Kölns SPD-Vorsitzender
Jochen Ott überlegt, ob die
Argumente der Bürgerinitiative
in das "Abstimmungsheft“ für
die Stimmberechtigten überhaupt
aufgenommen werden sollen.
Quelle: www.jochen-ott.de/
Es klingt, als hätte die SPD den Stein der Weisen gefunden. Sogar der KStA vom 27.1. schreibt begeistert, der Vorschlag der SPD "sei einfach klug und mutig“. Man kann es aber auch als eine Verzweiflungs- tat sehen. Die SPD hat inzwischen - auch aufgrund der ausführlichen Präsentation der Bürgerinitiative bei der SPD-Fraktions-spitze im vorigen Monat - erkennen müssen, dass bei rationaler Betrachtung der Alternativen zum Godorfer Hafen dieser völlig überflüssig ist. Denn mit der 60 bis 70 Millionen Euro-Investition in Godorf wird nicht nur eine überteuerte Variante verfolgt, sondern es werden auf Jahrzehnte hinaus Überkapazitäten im Hafen geschaffen und ein Naturschutzgebiet von 150.000 qm völlig unnötig zerstört. 

 

Diese Erkenntnis haben sich die Hafengegner nicht aus den Fingern gesogen. Sie haben nur das von der Hafengesellschaft HGK in Auftrag gegebene PLANCO-Gutachten „Zukunftsperspektiven der Kölner Häfen“ von 2008 gründlich gelesen und vom Kopf auf die Füße gestellt. 

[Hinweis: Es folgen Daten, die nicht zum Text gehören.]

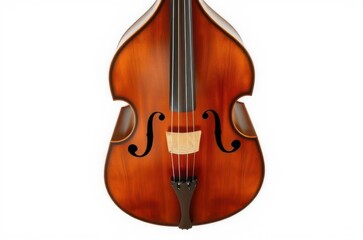 Fototapeta premium A double bass with tall wooden body, arched shoulders, strong bridge, and four strings, shown in full with smooth varnish and crafted details. Generative AI
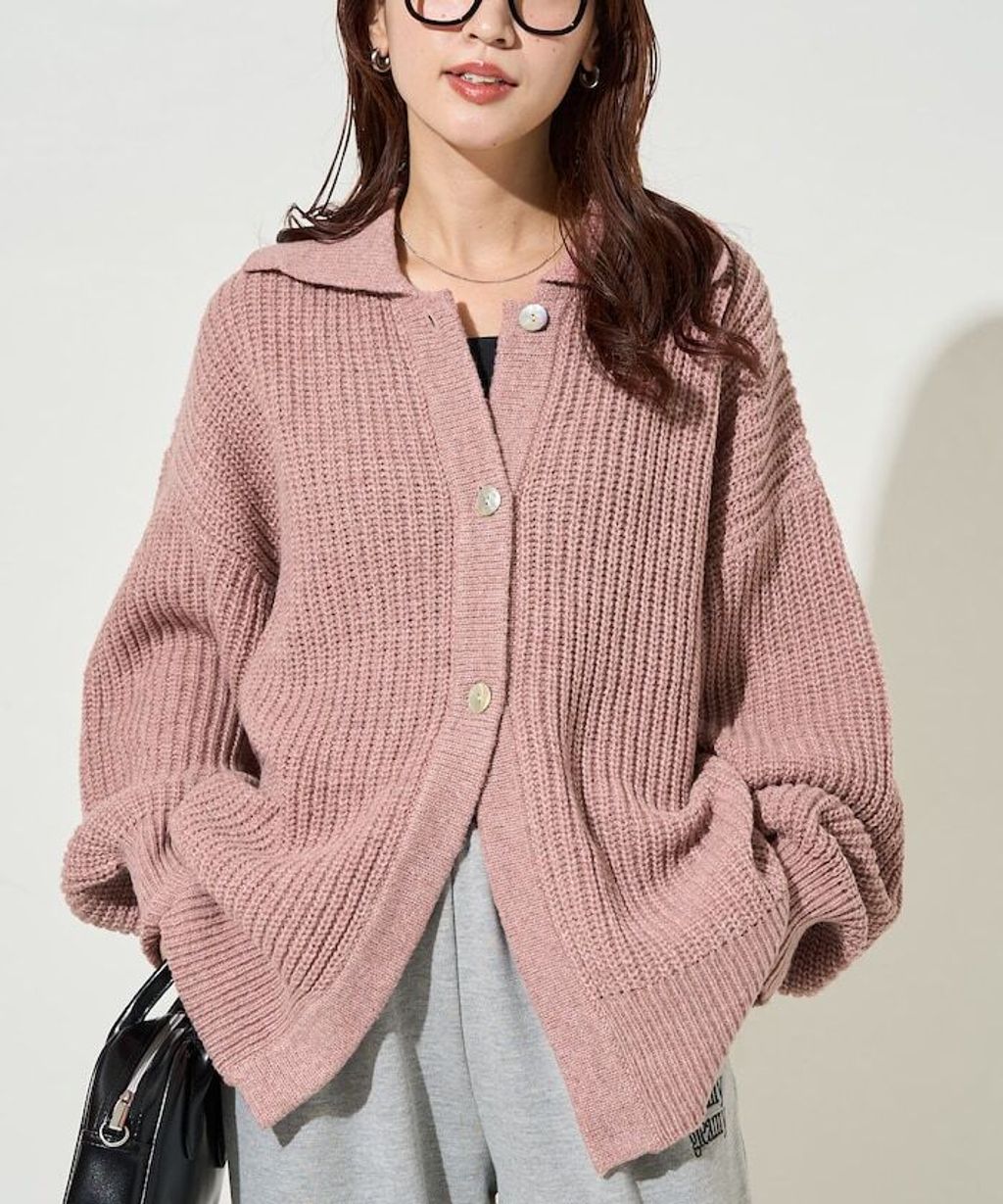 FREAKS STORE 慵懶感寬版翻領針織開襟衫_4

Hochwasser in der Sürther Aue am 8.1.2011 - der Bauwagen wird weggefahren. Deshalb entfallen bis zum Frühjahr Informationstreffen der Aktionsgemeinschaft mit Bürgern im "Auen-Café".
Quelle: http://www.suerther-aue-retten.de/ 

Seit Jahren wird Godorf mit dem Totschlagargument "alternativlos“ gerechtfertigt und damit die Diskussion über die verfügbaren weiteren Lösungen wider jede Vernunft abgeschnitten. Auch die SPD kann nicht kann nicht leugnen, dass bei der Godorf-Entscheidung 2007 der Kölner Rat nur die künstlich verengte Fragestellung prüfte, ob Godorf rechtlich zulässig und wirtschaftlich sinnvoll ist. Verfügbare Alternativen oder eine optimale Lösung daraus wurden pauschal für irrelevant erklärt und unter den Teppich gekehrt. Stets gab es aber höchst respektable Alternativen. Was in Köln fehlte, waren nicht die Alternativen sondern der Wille, den Schleier zu lüften und klar zu sagen, welche Vor- und Nachteile mit diesen Logistiklösungen oder Kombinationen verbunden sind und welche das Optimum darstellt. 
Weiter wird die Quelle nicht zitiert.